# Your task
Every line of the material below should be copied exactly.

# Listed entries
◇ ◇ ◇ ◇ ◇ ◇ ◇

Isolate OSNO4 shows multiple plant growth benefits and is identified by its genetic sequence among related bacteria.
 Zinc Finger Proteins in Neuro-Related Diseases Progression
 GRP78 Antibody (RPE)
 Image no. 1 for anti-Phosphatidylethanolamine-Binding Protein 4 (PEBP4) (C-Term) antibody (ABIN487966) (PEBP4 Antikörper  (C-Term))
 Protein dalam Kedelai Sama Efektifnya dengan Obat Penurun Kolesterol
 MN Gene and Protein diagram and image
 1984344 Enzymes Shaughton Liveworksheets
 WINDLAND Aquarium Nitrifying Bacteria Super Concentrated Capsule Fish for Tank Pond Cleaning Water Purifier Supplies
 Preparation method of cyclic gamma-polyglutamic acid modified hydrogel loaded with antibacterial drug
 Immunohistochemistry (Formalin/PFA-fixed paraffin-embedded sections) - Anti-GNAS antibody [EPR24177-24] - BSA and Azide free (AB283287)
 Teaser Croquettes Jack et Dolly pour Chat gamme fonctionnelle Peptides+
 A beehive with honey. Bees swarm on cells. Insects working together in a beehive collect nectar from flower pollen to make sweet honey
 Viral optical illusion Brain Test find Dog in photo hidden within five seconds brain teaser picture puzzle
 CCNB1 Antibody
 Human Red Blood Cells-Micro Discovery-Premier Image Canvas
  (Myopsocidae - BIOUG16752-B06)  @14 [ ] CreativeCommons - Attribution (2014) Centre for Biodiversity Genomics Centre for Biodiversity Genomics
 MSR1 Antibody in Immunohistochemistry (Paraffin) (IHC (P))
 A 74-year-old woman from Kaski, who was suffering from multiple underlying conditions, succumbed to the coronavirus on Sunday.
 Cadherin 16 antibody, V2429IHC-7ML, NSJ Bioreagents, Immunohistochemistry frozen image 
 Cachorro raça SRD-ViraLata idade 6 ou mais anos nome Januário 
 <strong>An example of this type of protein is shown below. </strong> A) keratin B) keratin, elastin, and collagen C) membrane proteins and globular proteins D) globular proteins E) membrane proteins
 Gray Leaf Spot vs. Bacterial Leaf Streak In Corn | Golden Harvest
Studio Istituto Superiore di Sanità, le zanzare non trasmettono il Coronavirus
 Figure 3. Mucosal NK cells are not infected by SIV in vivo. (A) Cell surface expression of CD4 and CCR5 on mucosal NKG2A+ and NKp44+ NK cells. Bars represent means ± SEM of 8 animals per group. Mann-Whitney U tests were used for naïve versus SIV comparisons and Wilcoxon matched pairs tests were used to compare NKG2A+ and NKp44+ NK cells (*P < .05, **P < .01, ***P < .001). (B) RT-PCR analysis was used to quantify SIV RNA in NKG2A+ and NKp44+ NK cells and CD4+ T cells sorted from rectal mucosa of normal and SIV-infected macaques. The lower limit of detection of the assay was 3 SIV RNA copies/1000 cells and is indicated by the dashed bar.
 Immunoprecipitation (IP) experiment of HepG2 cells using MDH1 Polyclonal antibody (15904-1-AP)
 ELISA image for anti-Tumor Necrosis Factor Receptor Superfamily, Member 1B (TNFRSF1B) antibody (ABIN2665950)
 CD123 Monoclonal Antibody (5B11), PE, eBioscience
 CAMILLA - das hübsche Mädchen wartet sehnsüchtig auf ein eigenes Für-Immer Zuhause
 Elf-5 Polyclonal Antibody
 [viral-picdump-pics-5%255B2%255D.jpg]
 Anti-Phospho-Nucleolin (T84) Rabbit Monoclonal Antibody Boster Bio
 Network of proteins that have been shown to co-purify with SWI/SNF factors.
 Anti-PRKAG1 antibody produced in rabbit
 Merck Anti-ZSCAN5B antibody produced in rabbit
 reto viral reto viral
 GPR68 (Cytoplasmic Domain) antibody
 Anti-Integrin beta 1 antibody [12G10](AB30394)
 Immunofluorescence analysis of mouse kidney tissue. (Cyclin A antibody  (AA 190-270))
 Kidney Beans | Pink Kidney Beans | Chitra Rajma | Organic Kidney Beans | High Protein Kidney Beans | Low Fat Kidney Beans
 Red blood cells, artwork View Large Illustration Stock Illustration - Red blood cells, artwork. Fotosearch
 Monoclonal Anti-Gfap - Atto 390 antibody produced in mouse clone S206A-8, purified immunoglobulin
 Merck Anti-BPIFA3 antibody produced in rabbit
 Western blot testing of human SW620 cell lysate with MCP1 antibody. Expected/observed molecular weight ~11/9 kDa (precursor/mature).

◇ ◇ ◇ ◇ ◇ ◇ ◇

# Output of the task
Isolate OSNO4 shows multiple plant growth benefits and is identified by its genetic sequence among related bacteria.
 Zinc Finger Proteins in Neuro-Related Diseases Progression
 GRP78 Antibody (RPE)
 Image no. 1 for anti-Phosphatidylethanolamine-Binding Protein 4 (PEBP4) (C-Term) antibody (ABIN487966) (PEBP4 Antikörper  (C-Term))
 Protein dalam Kedelai Sama Efektifnya dengan Obat Penurun Kolesterol
 MN Gene and Protein diagram and image
 1984344 Enzymes Shaughton Liveworksheets
 WINDLAND Aquarium Nitrifying Bacteria Super Concentrated Capsule Fish for Tank Pond Cleaning Water Purifier Supplies
 Preparation method of cyclic gamma-polyglutamic acid modified hydrogel loaded with antibacterial drug
 Immunohistochemistry (Formalin/PFA-fixed paraffin-embedded sections) - Anti-GNAS antibody [EPR24177-24] - BSA and Azide free (AB283287)
 Teaser Croquettes Jack et Dolly pour Chat gamme fonctionnelle Peptides+
 A beehive with honey. Bees swarm on cells. Insects working together in a beehive collect nectar from flower pollen to make sweet honey
 Viral optical illusion Brain Test find Dog in photo hidden within five seconds brain teaser picture puzzle
 CCNB1 Antibody
 Human Red Blood Cells-Micro Discovery-Premier Image Canvas
  (Myopsocidae - BIOUG16752-B06)  @14 [ ] CreativeCommons - Attribution (2014) Centre for Biodiversity Genomics Centre for Biodiversity Genomics
 MSR1 Antibody in Immunohistochemistry (Paraffin) (IHC (P))
 A 74-year-old woman from Kaski, who was suffering from multiple underlying conditions, succumbed to the coronavirus on Sunday.
 Cadherin 16 antibody, V2429IHC-7ML, NSJ Bioreagents, Immunohistochemistry frozen image 
 Cachorro raça SRD-ViraLata idade 6 ou mais anos nome Januário 
 <strong>An example of this type of protein is shown below. </strong> A) keratin B) keratin, elastin, and collagen C) membrane proteins and globular proteins D) globular proteins E) membrane proteins
 Gray Leaf Spot vs. Bacterial Leaf Streak In Corn | Golden Harvest
Studio Istituto Superiore di Sanità, le zanzare non trasmettono il Coronavirus
 Figure 3. Mucosal NK cells are not infected by SIV in vivo. (A) Cell surface expression of CD4 and CCR5 on mucosal NKG2A+ and NKp44+ NK cells. Bars represent means ± SEM of 8 animals per group. Mann-Whitney U tests were used for naïve versus SIV comparisons and Wilcoxon matched pairs tests were used to compare NKG2A+ and NKp44+ NK cells (*P < .05, **P < .01, ***P < .001). (B) RT-PCR analysis was used to quantify SIV RNA in NKG2A+ and NKp44+ NK cells and CD4+ T cells sorted from rectal mucosa of normal and SIV-infected macaques. The lower limit of detection of the assay was 3 SIV RNA copies/1000 cells and is indicated by the dashed bar.
 Immunoprecipitation (IP) experiment of HepG2 cells using MDH1 Polyclonal antibody (15904-1-AP)
 ELISA image for anti-Tumor Necrosis Factor Receptor Superfamily, Member 1B (TNFRSF1B) antibody (ABIN2665950)
 CD123 Monoclonal Antibody (5B11), PE, eBioscience
 CAMILLA - das hübsche Mädchen wartet sehnsüchtig auf ein eigenes Für-Immer Zuhause
 Elf-5 Polyclonal Antibody
 [viral-picdump-pics-5%255B2%255D.jpg]
 Anti-Phospho-Nucleolin (T84) Rabbit Monoclonal Antibody Boster Bio
 Network of proteins that have been shown to co-purify with SWI/SNF factors.
 Anti-PRKAG1 antibody produced in rabbit
 Merck Anti-ZSCAN5B antibody produced in rabbit
 reto viral reto viral
 GPR68 (Cytoplasmic Domain) antibody
 Anti-Integrin beta 1 antibody [12G10](AB30394)
 Immunofluorescence analysis of mouse kidney tissue. (Cyclin A antibody  (AA 190-270))
 Kidney Beans | Pink Kidney Beans | Chitra Rajma | Organic Kidney Beans | High Protein Kidney Beans | Low Fat Kidney Beans
 Red blood cells, artwork View Large Illustration Stock Illustration - Red blood cells, artwork. Fotosearch
 Monoclonal Anti-Gfap - Atto 390 antibody produced in mouse clone S206A-8, purified immunoglobulin
 Merck Anti-BPIFA3 antibody produced in rabbit
 Western blot testing of human SW620 cell lysate with MCP1 antibody. Expected/observed molecular weight ~11/9 kDa (precursor/mature).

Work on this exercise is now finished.